- Prompt: Go to the line that contains "Young asian couple dressed up" in the listing below, then output it and every line after it exactly, omitting pictures.

- Dataset content:
Segment Open

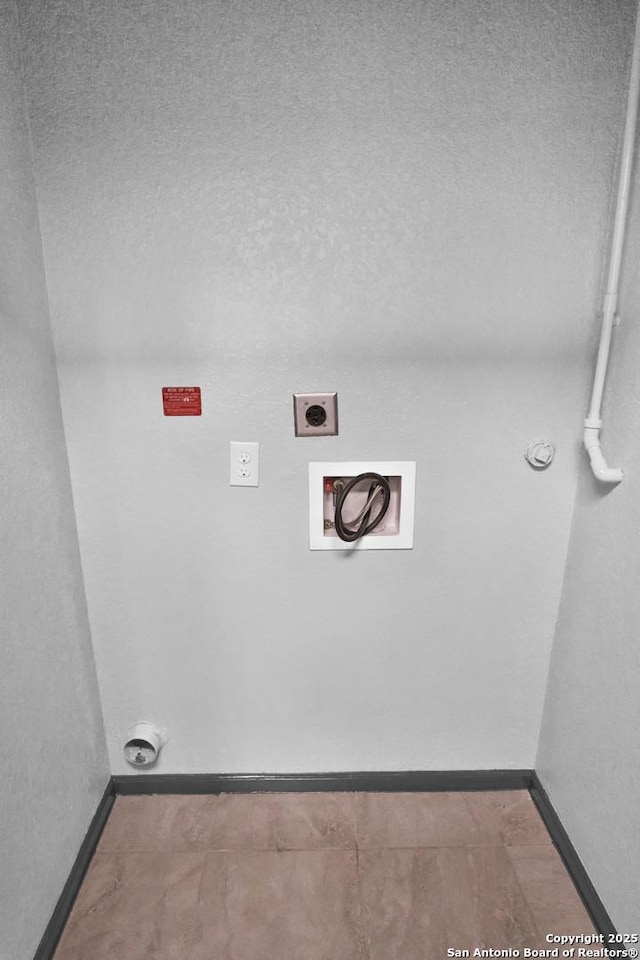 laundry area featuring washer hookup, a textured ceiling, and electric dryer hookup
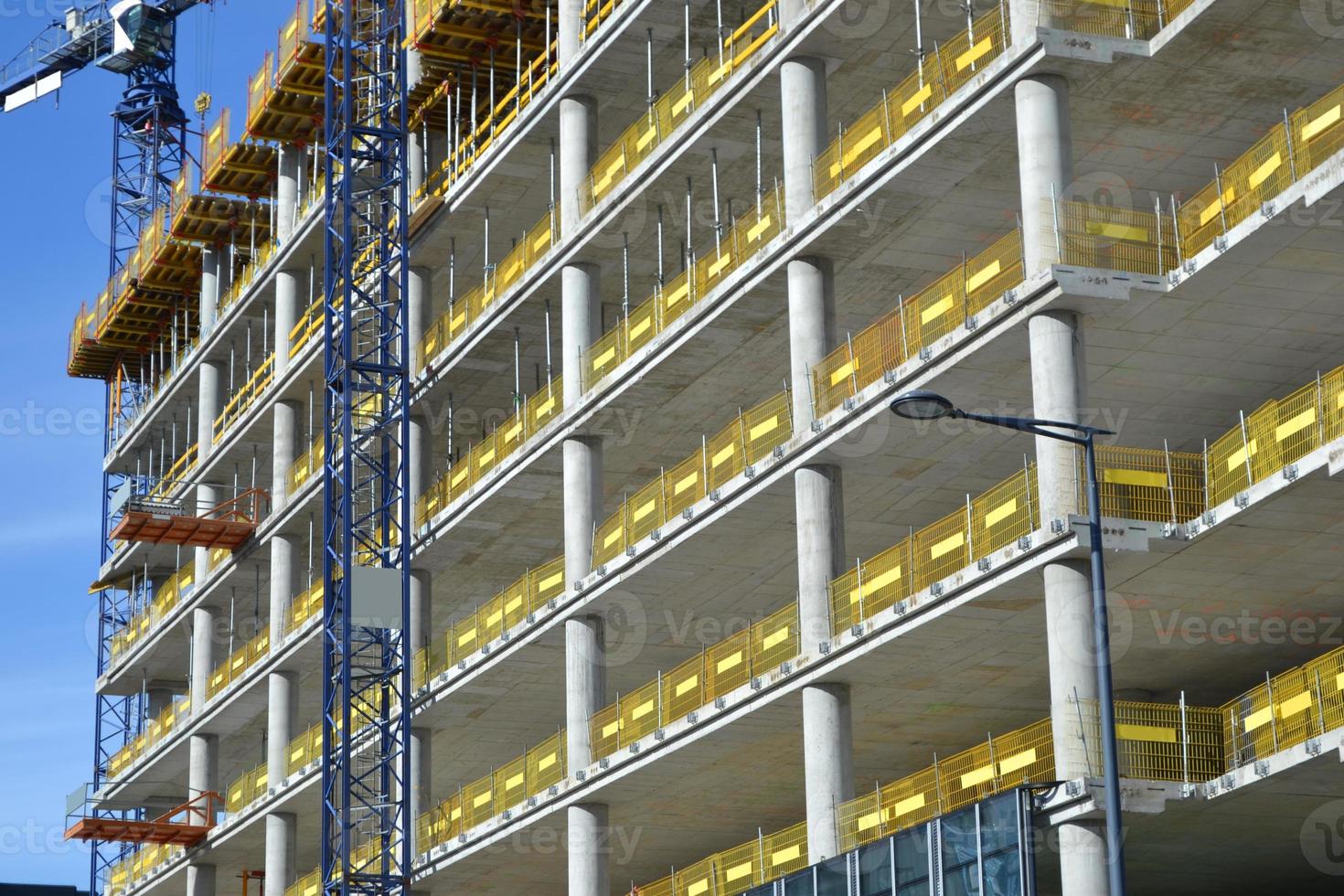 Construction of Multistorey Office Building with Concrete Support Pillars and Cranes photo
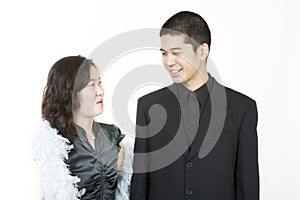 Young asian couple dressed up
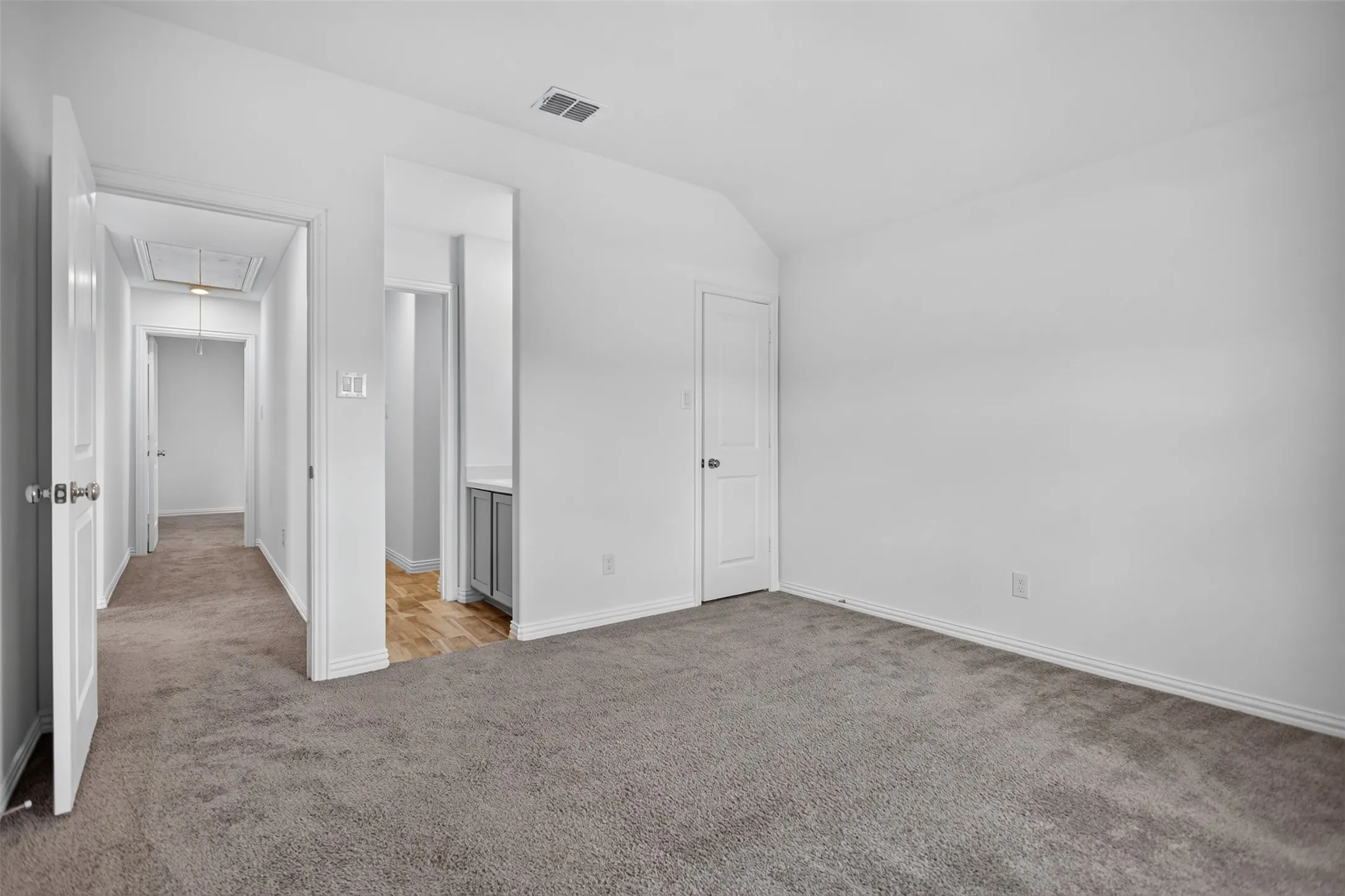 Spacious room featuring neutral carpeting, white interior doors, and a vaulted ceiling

Segment Closed

- Written answer:
 Young asian couple dressed up
 Spacious room featuring neutral carpeting, white interior doors, and a vaulted ceiling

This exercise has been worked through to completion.